Esse escritor deludido (o de
"Lorde") passeia pelos bairros
centrais de Londres, visita a National Gallery, a abadia de Westminster, entra na casa que foi de
T.E. Lawrence, o Lawrence da
Arábia. Mas sempre precisa pegar
o ônibus 55, para voltar ao subúrbio onde se aloja, reduto de imigrantes do Terceiro Mundo.
Não se trata de uma humilhação, mas de uma constatação. Ele
está na capital cosmopolita, mas
suas origens revelam outra condição, de país periférico. Em uma
recente palestra, o crítico Antonio
Candido lembrou que o escritor
da metrópole pode dar-se ao luxo
de olhar apenas para seu umbigo,
ou seja, para suas próprias circunstâncias. O intelectual brasileiro, no entanto, é obrigado a um
olhar de dentro e de fora, de si
mesmo e do outro, numa "combinação "sui generis" de estranhamento e familiaridade".

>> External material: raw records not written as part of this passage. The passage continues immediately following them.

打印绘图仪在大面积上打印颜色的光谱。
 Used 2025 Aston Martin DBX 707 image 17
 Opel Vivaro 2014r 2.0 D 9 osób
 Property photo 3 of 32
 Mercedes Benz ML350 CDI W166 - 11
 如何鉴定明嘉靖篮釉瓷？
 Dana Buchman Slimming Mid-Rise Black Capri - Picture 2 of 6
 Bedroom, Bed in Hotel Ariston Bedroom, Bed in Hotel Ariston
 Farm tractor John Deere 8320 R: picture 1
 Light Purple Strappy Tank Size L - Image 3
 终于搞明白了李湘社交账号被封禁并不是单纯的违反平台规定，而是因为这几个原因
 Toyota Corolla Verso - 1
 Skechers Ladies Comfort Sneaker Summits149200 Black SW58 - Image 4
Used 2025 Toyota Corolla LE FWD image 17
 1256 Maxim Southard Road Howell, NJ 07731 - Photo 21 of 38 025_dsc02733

O escritor de "Lorde" só enxerga o estranhamento. É como se,
súbito, sua perspectiva houvesse
desaparecido. Sua trajetória até
aquele momento é mentalmente
apagada. No início, ele compra
um espelho (que não há no apartamento), para não perder a noção de si mesmo, mas logo o vira
do avesso. Recusa-se a mirar-se
em qualquer espelho. "Tinha vindo para Londres para ser vários",
afirma.
Ao contrário de Luís da Silva, de
"Angústia", seu destino não é o da
fuga neurótica e assassina ao
mundo. Lorde dissolve-se no
mundo. Antonio Candido diz que
o intelectual latino-americano
sempre deve dizer: "Eu sou o
mesmo e o outro". O herói problemático de Noll, estranho em
terra estranha, irremediavelmente apartado de si, só deseja possuir
e tornar-se o outro como insinua
o desfecho enigmático do livro.
Lorde
Autor: João Gilberto Noll
Editora: W11/Francis
Quanto: R$ 32 (112 págs.)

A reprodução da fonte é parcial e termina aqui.